If your compiler supports C++0x and using it is an option for you, then the new standard <random> header is likely to meet your needs. It has a high quality uniform_int_distribution which will accept minimum and maximum bounds (inclusive as you need), and you can choose among various random number generators to plug into that distribution.
Here is code that generates a million random ints uniformly distributed in [-57, 365]. I've used the new std <chrono> facilities to time it as you mentioned performance is a major concern for you.
#include <iostream>
#include <random>
#include <chrono>
int main()
{
typedef std::chrono::high_resolution_clock Clock;
typedef std::chrono::duration<double> sec;
Clock::time_point t0 = Clock::now();
const int N = 10000000;
typedef std::minstd_rand G; // Select the engine
G g; // Construct the engine
typedef std::uniform_int_distribution<> D; // Select the distribution
D d(-57, 365); // Construct the distribution
int c = 0;
for (int i = 0; i < N; ++i)
c += d(g); // Generate a random number
Clock::time_point t1 = Clock::now();
std::cout << N/sec(t1-t0).count() << " random numbers per second.\n";
return c;
}
For me (2.8 GHz Intel Core i5) this prints out:
2.10268e+07 random numbers per second.
You can seed the generator by passing in an int to its constructor:
G g(seed);
If you later find that int doesn't cover the range you need for your distribution, this can be remedied by changing the uniform_int_distribution like so (e.g., to long long):
typedef std::uniform_int_distribution<long long> D;
If you later find that the minstd_rand isn't a high enough quality generator, that can also easily be swapped out. E.g.:
typedef std::mt19937 G; // Now using mersenne_twister_engine
Having separate control over the random number generator, and the random distribution can be quite liberating.

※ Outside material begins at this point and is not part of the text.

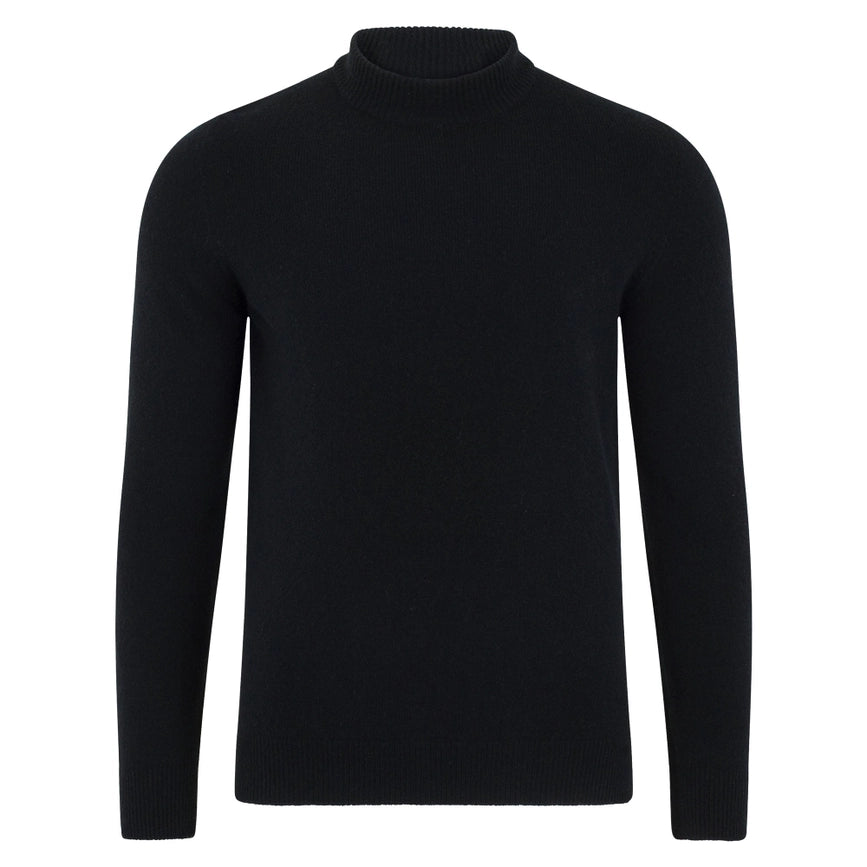 Mens Lambswool Narrow Mock Turtle Neck Jumper-Jumper-Paul James Knitwear-M-Black-Urbanheer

I've also computed (not shown) the first four "moments" of this distribution (using minstd_rand) and compared them to the theoretical values in an attempt to quantify the quality of the distribution:
min = -57
max = 365
mean = 154.131
x_mean = 154
var = 14931.9
x_var = 14910.7
skew = -0.00197375
x_skew = 0
kurtosis = -1.20129
x_kurtosis = -1.20001
(The x_ prefix refers to "expected".)
Let's split the problem into two parts:
Generate a random number n in the range 0 through (max-min).
Add min to that number
The first part is obviously the hardest. Let's assume that the return value of rand() is perfectly uniform. Using modulo will add bias
to the first (RAND_MAX + 1) % (max-min+1) numbers. So if we could magically change RAND_MAX to RAND_MAX - (RAND_MAX + 1) % (max-min+1), there would no longer be any bias.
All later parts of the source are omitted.